### About this exercise
Exact copy, no pictures: return only the lines below from the line with "Recently I did" up to and including the line with "I encourage you".

### Exercise materials
+ + + +
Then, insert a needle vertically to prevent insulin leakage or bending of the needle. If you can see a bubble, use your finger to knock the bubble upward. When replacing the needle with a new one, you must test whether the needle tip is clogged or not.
+ + + +
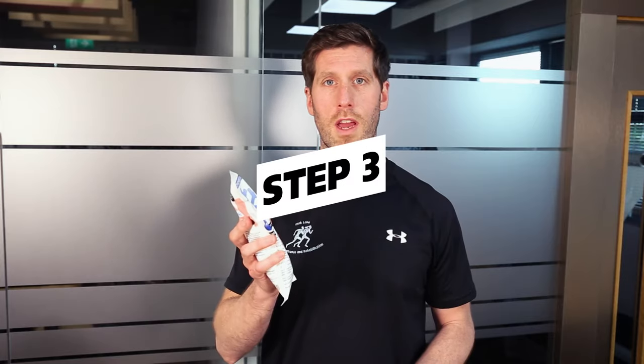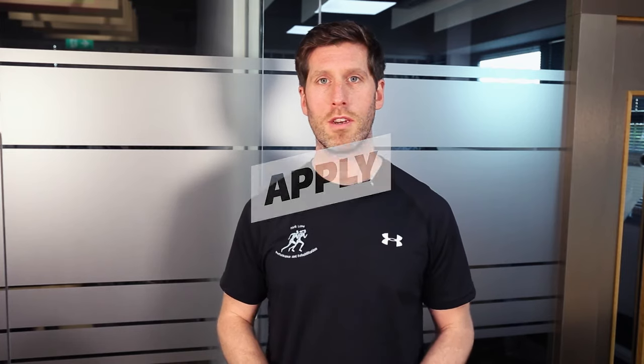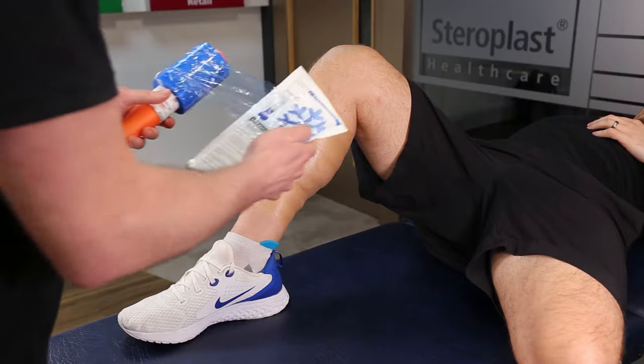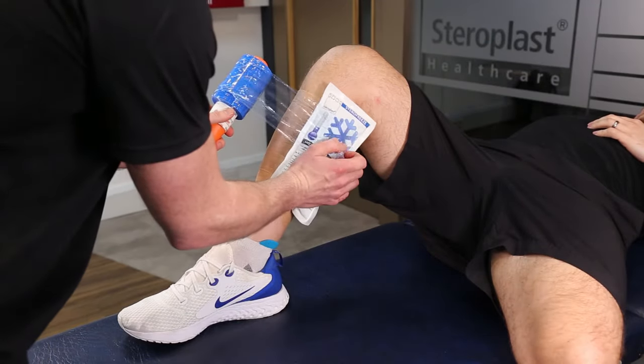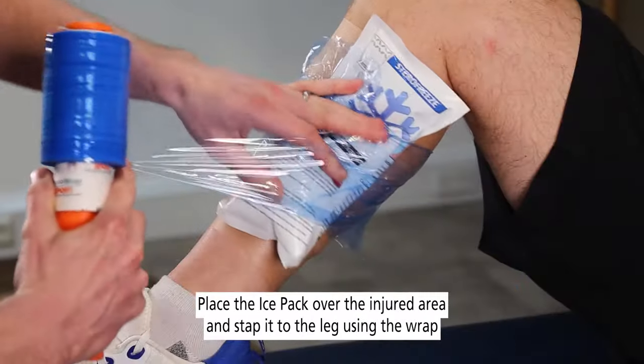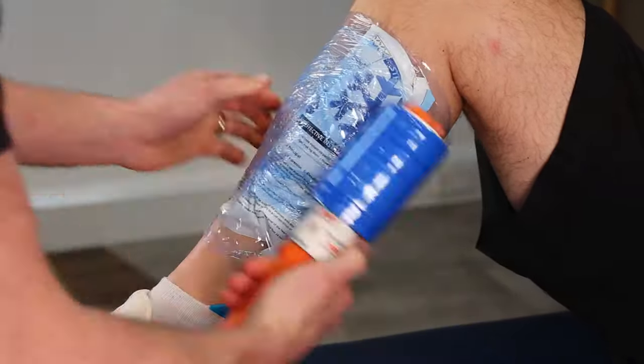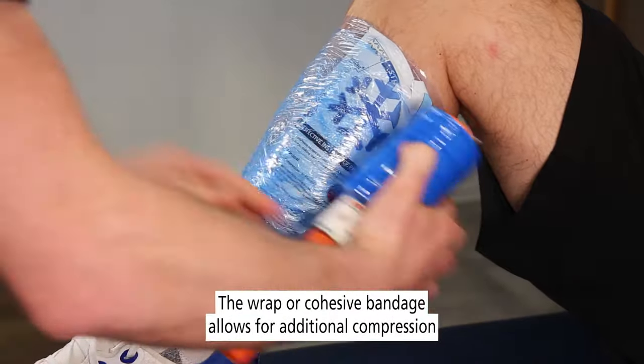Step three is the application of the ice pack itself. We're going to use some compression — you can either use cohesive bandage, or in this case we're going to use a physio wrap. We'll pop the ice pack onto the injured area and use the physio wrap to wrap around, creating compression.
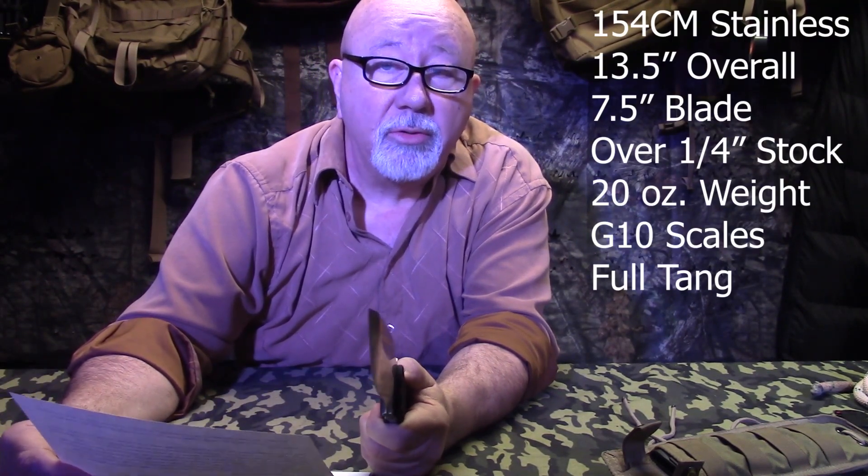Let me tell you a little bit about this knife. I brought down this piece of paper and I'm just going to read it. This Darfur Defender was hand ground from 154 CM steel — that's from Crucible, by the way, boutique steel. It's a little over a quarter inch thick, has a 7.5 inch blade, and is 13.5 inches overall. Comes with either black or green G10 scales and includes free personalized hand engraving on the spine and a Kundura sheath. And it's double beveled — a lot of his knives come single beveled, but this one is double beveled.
+ + + +
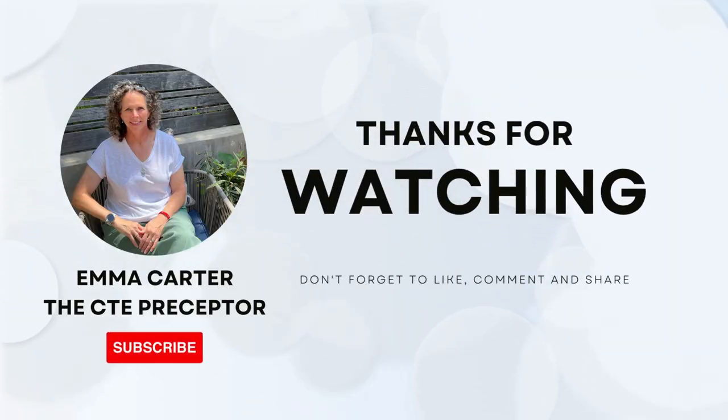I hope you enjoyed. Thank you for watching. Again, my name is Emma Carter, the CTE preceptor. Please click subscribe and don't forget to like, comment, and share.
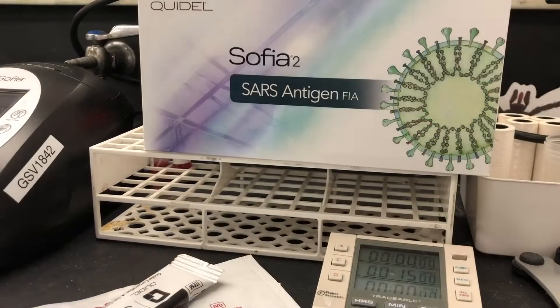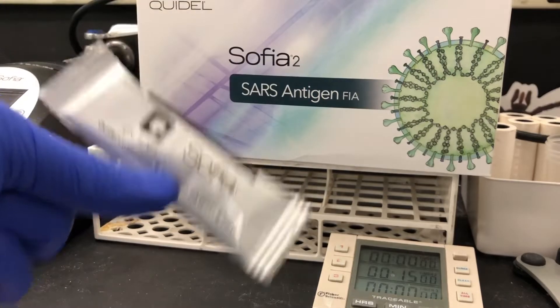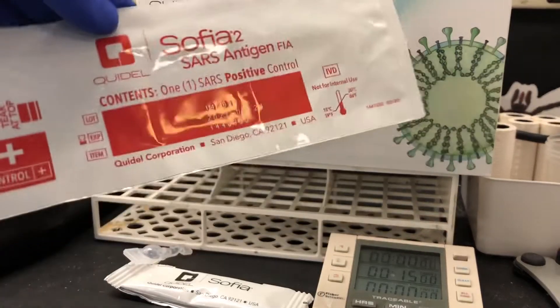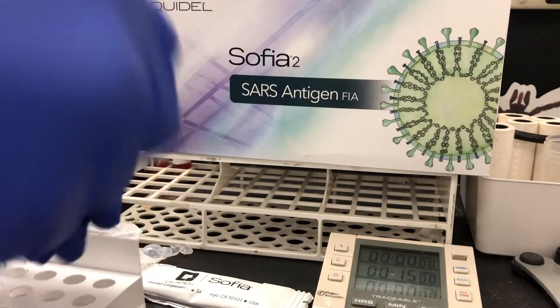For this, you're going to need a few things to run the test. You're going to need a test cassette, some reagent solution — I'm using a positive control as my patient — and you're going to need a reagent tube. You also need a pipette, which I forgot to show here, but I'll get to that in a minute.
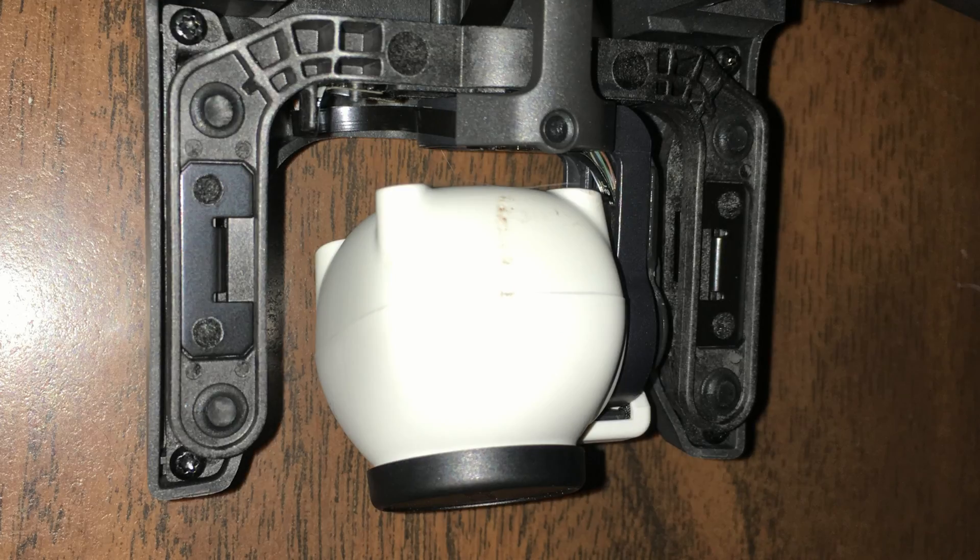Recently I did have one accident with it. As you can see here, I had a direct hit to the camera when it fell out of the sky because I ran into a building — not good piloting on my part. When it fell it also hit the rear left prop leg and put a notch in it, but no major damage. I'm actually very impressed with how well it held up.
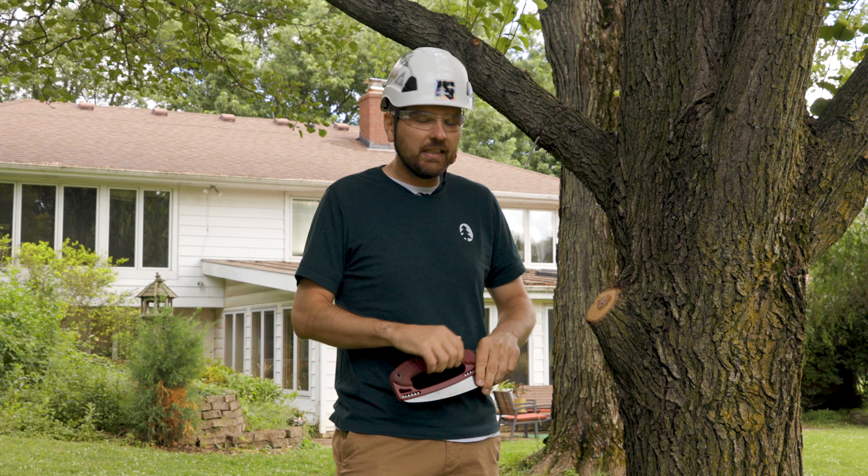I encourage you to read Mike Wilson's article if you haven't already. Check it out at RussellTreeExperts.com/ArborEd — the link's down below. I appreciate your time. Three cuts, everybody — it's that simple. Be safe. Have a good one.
+ + + +
### Result of the task
Recently I did have one accident with it. As you can see here, I had a direct hit to the camera when it fell out of the sky because I ran into a building — not good piloting on my part. When it fell it also hit the rear left prop leg and put a notch in it, but no major damage. I'm actually very impressed with how well it held up.
I encourage you to read Mike Wilson's article if you haven't already. Check it out at RussellTreeExperts.com/ArborEd — the link's down below. I appreciate your time. Three cuts, everybody — it's that simple. Be safe. Have a good one.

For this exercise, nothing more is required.